— SOURCE INFORMATION —
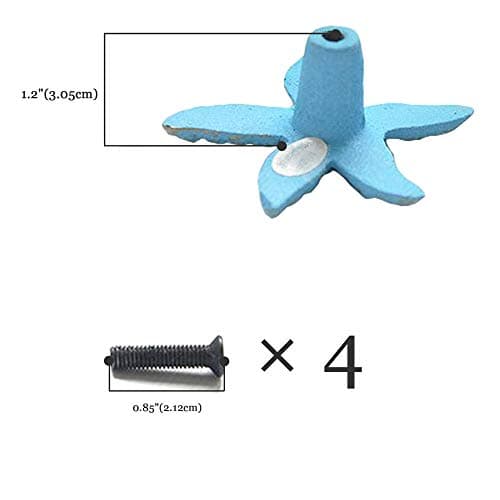 Cast Iron Nautical Drawer Pulls – Marine Style Door Knobs for Dresser Drawer | Kitchen Cupboard | Wardrobe | Door | Vanity Unit – Shell | Crab | Seahorse | Starfish (4, White)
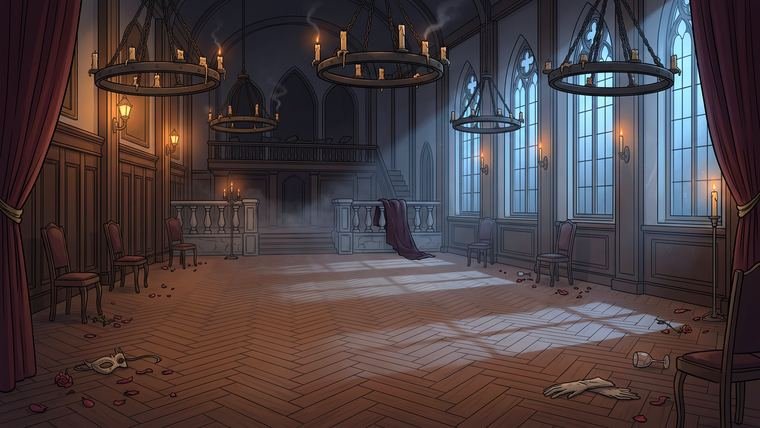 Comic/cartoon Victorian ballroom at dawn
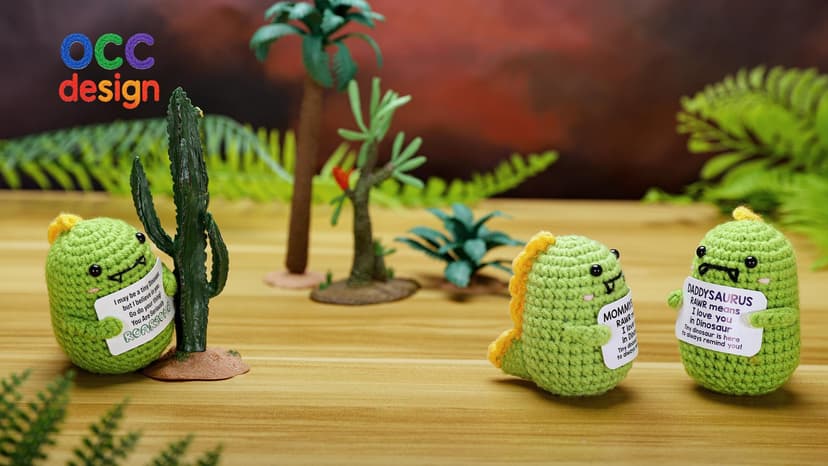 OCCdesign Mini Christmas Birthday Gifts for Dad from Daughter Son RAWR I Love You Daddy Handmade Crochet Cute Small Dinosaur for Daddy Dad Bonus Step Father in Law New Father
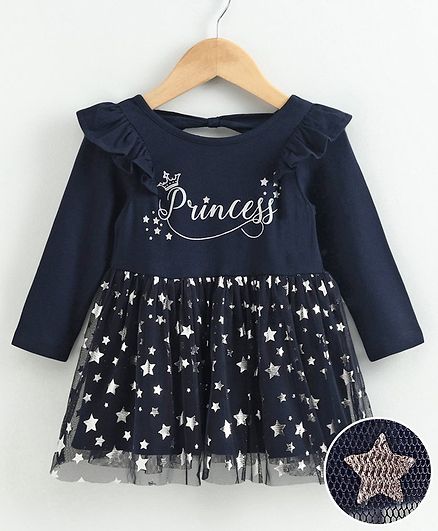 Babyoye Full Sleeves Cotton Frock Princess Print - Navy Blue
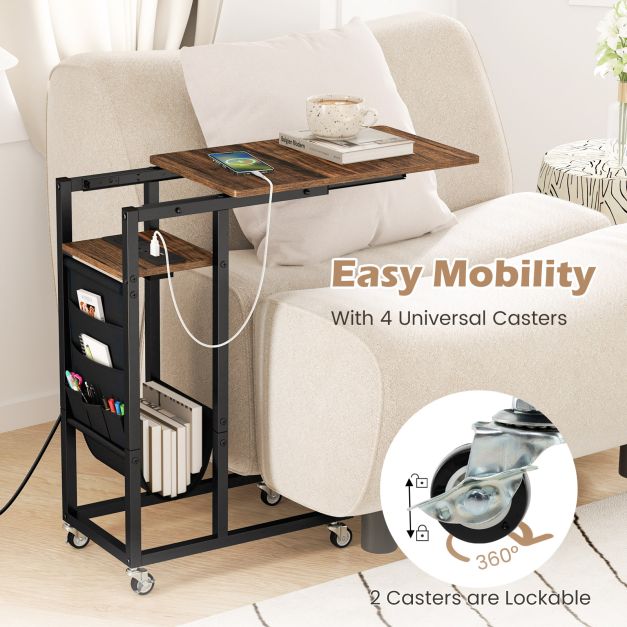 C-shaped End Table Rolling with Charging Station and Retractable Tabletop-Rustic Brown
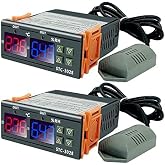 2Pcs All-Purpose Intelligent Digital Display Temperature and Humidity Controller with Dual Displays and Relay Outputs STC-3028 10A AC110~220V for Incubator Brooder Refrigerator Fermenter Greenhouse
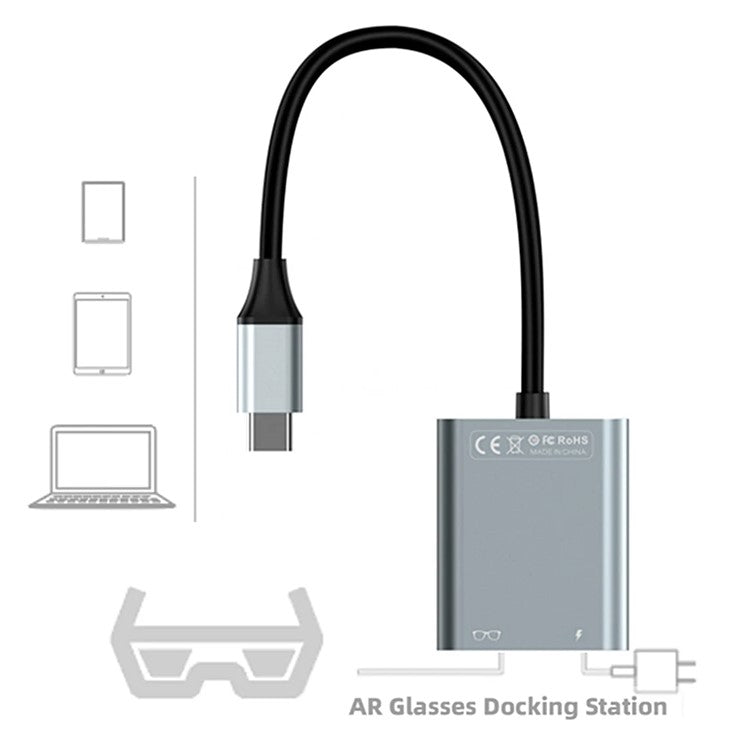 HC443 USB-C Hub PD100W Data Transfer Adapter for AR Glasses / Mobile Phone / Tablet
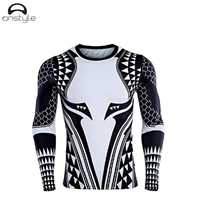 Ventes en gros de rashguards MMA personnalisables, respirants, en polyester/coton, à manches courtes, 140g, imprimés numériquement, unisexes, pour le BJJ et le surf
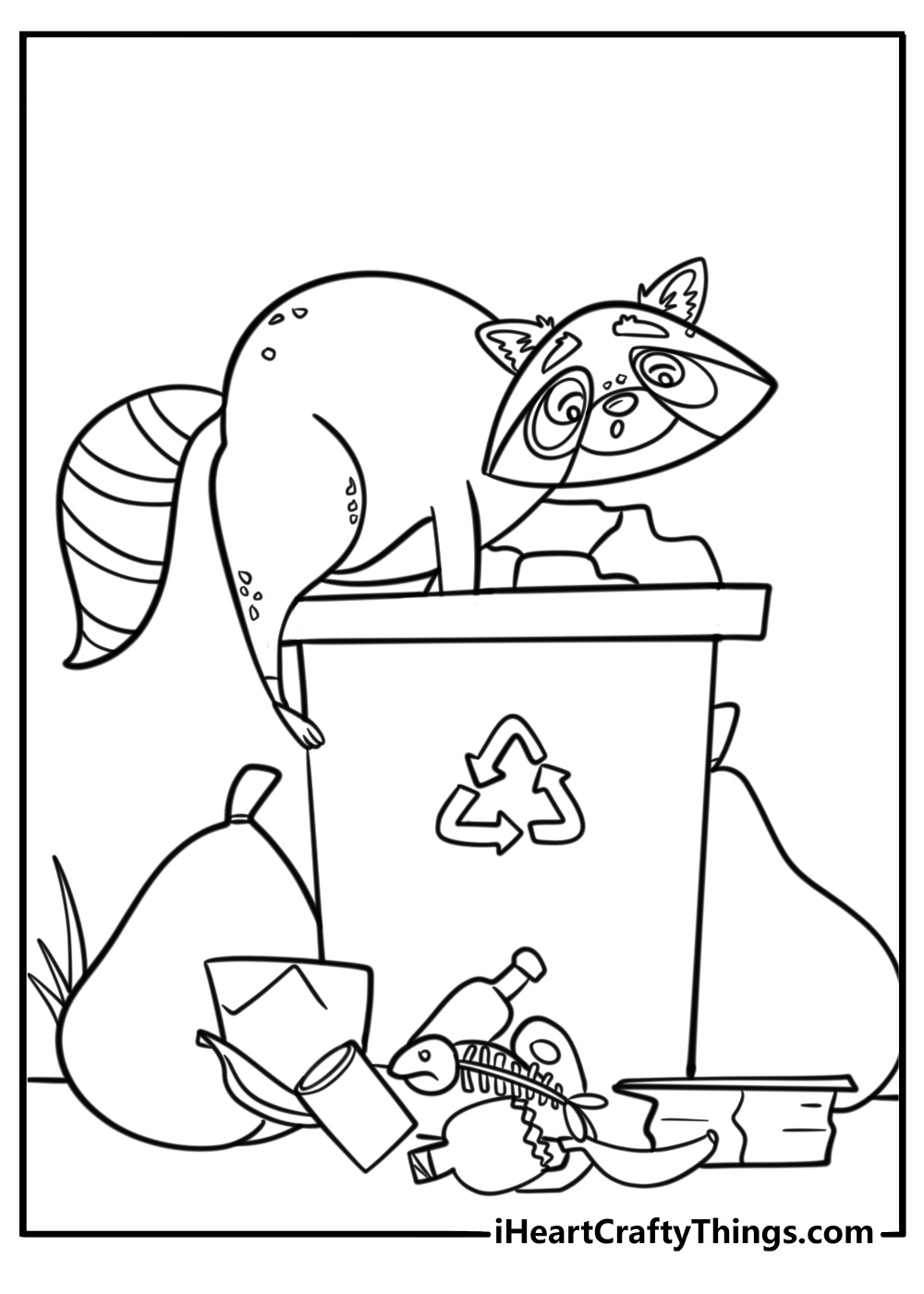 Raccoon digging through trash cans printable coloring page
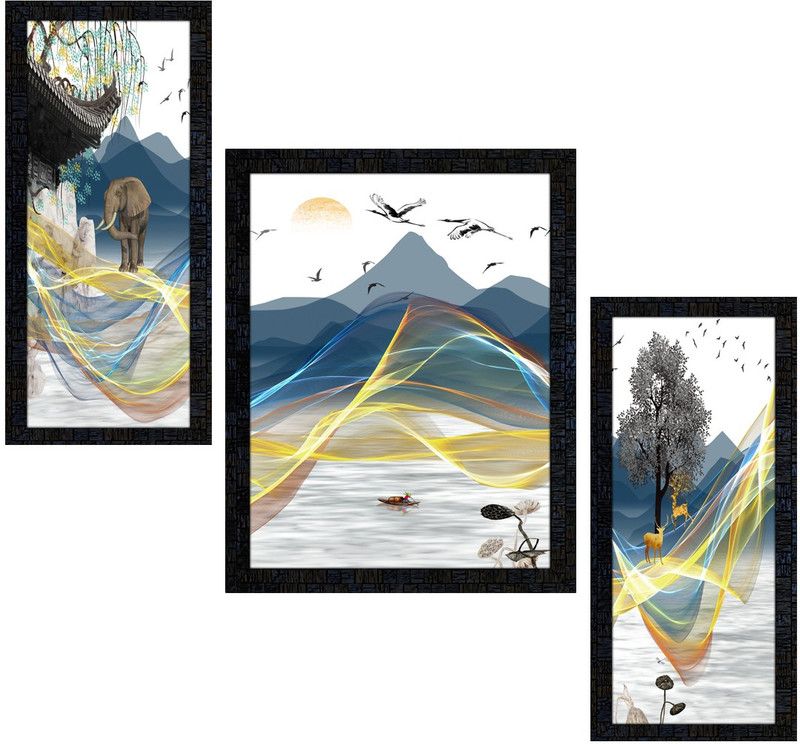 pnf Hand Painting Landscape Scenery Set of 3 painting-2225- Digital Reprint 14 inch x 22 inch Painting  (With Frame, Pack of 3)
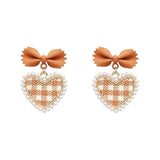 S925 silver needle sweet bow love fashion fabric heart earrings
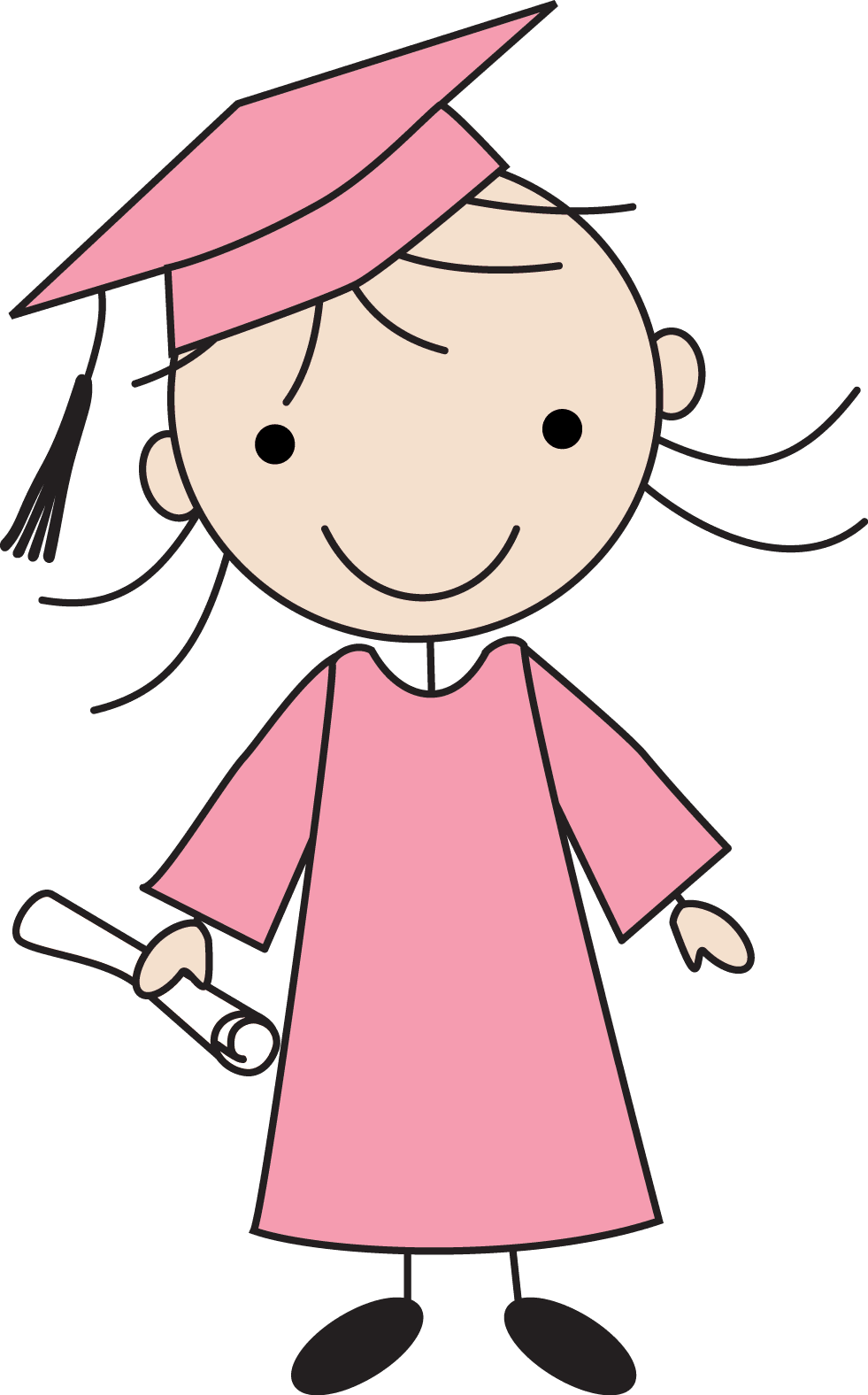 Graduation hat pin page clipart vector 2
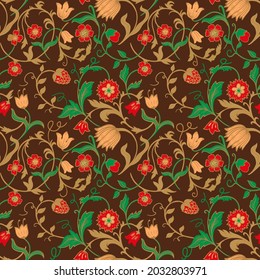 seamless pattern with Victorian flowers in the style of William Morris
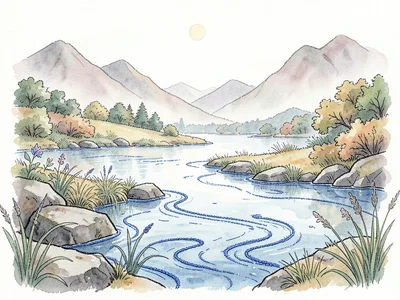 Landscape where water is embroidered in blue thread, everything else is photogra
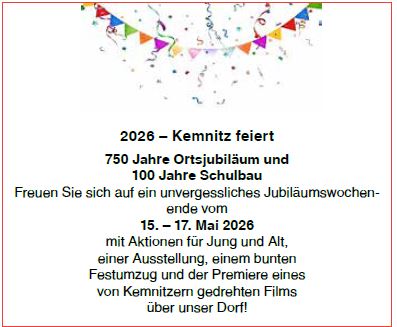 750 Jahre Kemnitz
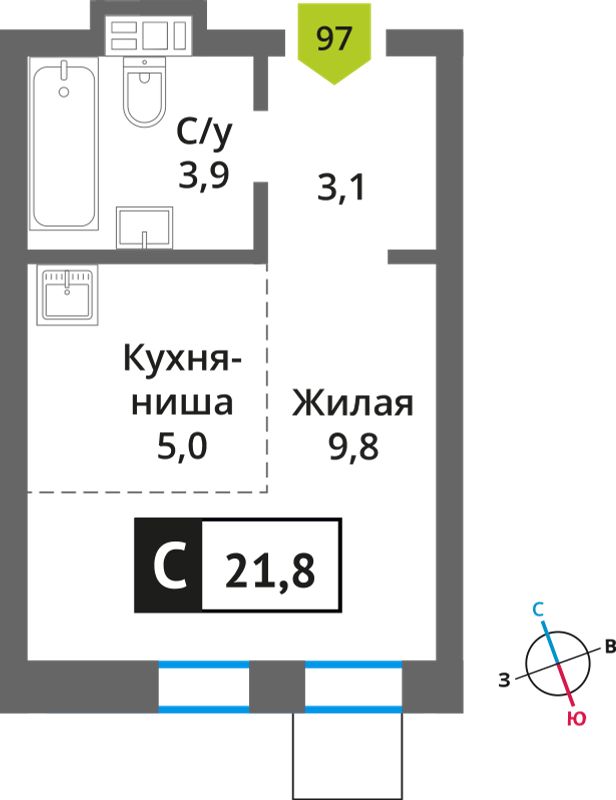 Планировка: Студия, 21.7 м²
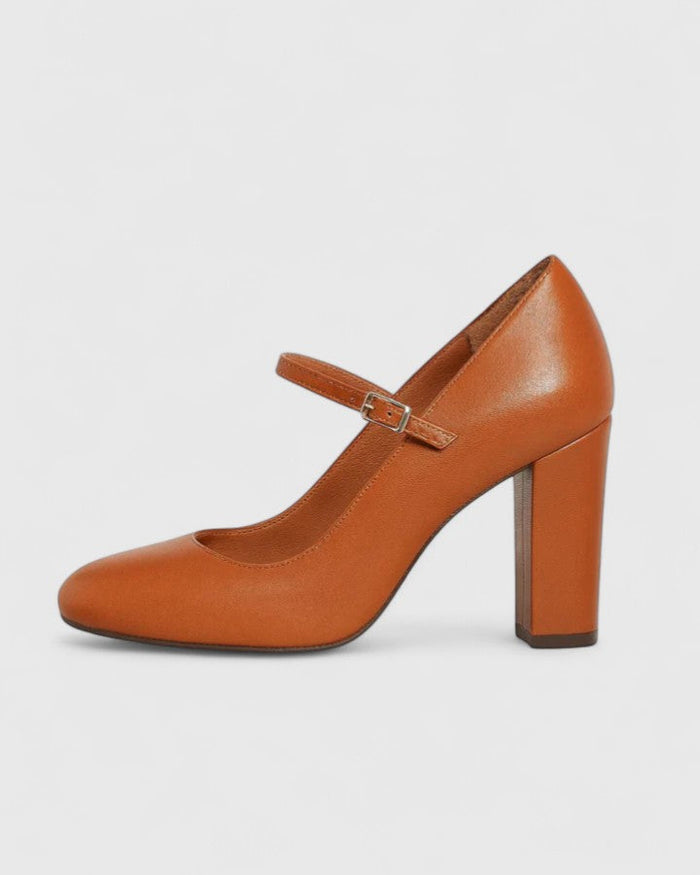 Dam Mary Jane-Pumps med Blockklack och Remavslutning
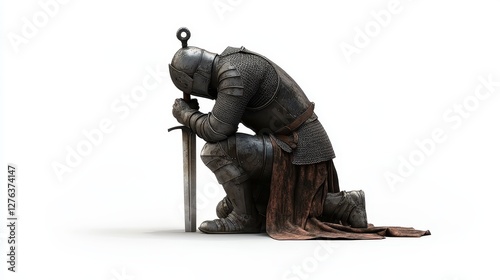 Medieval knight kneeling on one knee holding sword in reflective pose on white background photo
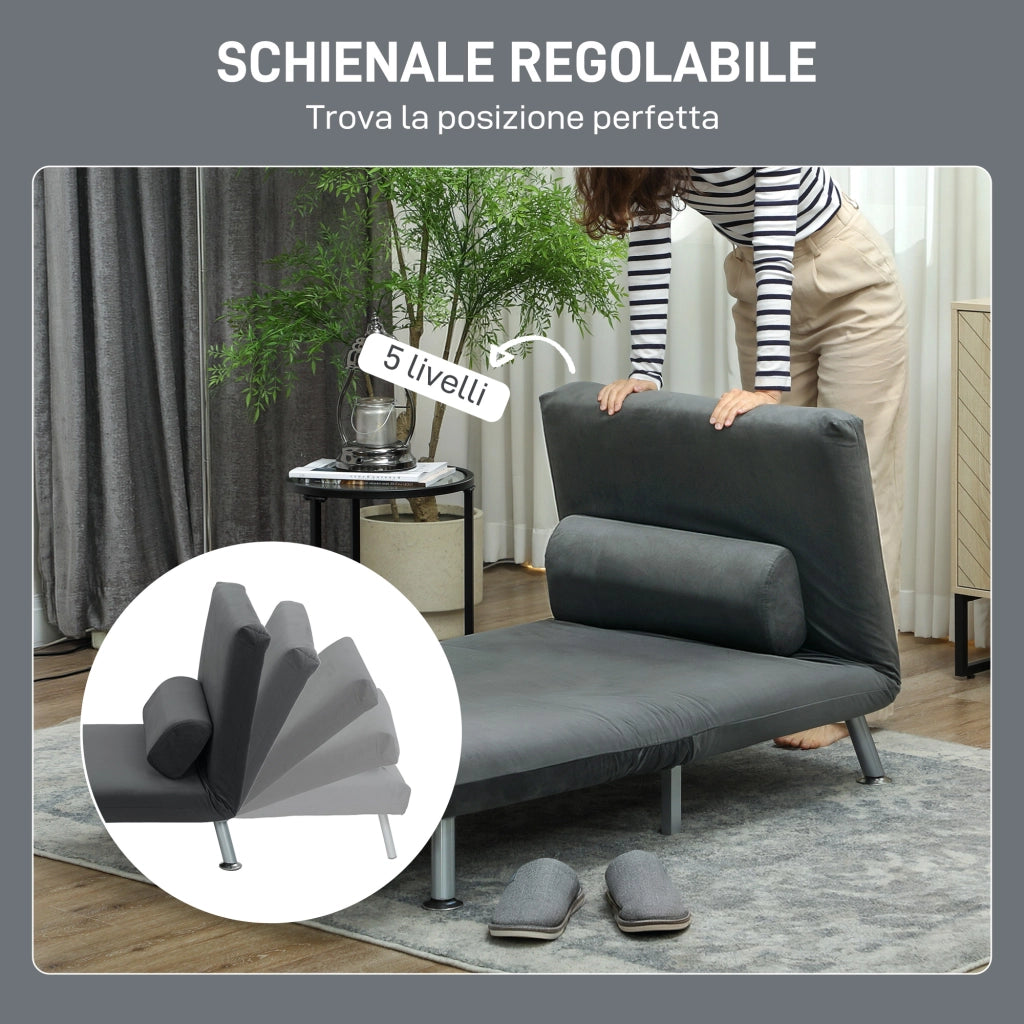 Poltrona Letto Singolo 3 in 1 75x70x75 cm in Tessuto Effetto Lino Grigio Scuro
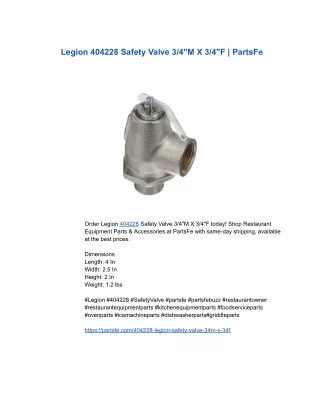 Legion 404228 Safety Valve 3_4_M X 3_4_F _ PartsFe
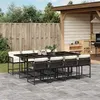 Image de vidaXL Ensemble à manger de jardin 9pcs coussins noir résine tressée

— TASK —
Nothing but the lines from the one with "HC443 USB-C Hub" to the one with "Medieval knight kneeling" above, both included, should be transcribed, exactly and without pictures.

— SOLUTION FOR THIS PROBLEM —
 HC443 USB-C Hub PD100W Data Transfer Adapter for AR Glasses / Mobile Phone / Tablet
 Ventes en gros de rashguards MMA personnalisables, respirants, en polyester/coton, à manches courtes, 140g, imprimés numériquement, unisexes, pour le BJJ et le surf
 Raccoon digging through trash cans printable coloring page
 pnf Hand Painting Landscape Scenery Set of 3 painting-2225- Digital Reprint 14 inch x 22 inch Painting  (With Frame, Pack of 3)
 S925 silver needle sweet bow love fashion fabric heart earrings
 Graduation hat pin page clipart vector 2
 seamless pattern with Victorian flowers in the style of William Morris
 Landscape where water is embroidered in blue thread, everything else is photogra
 750 Jahre Kemnitz
 Планировка: Студия, 21.7 м²
 Dam Mary Jane-Pumps med Blockklack och Remavslutning
 Medieval knight kneeling on one knee holding sword in reflective pose on white background photo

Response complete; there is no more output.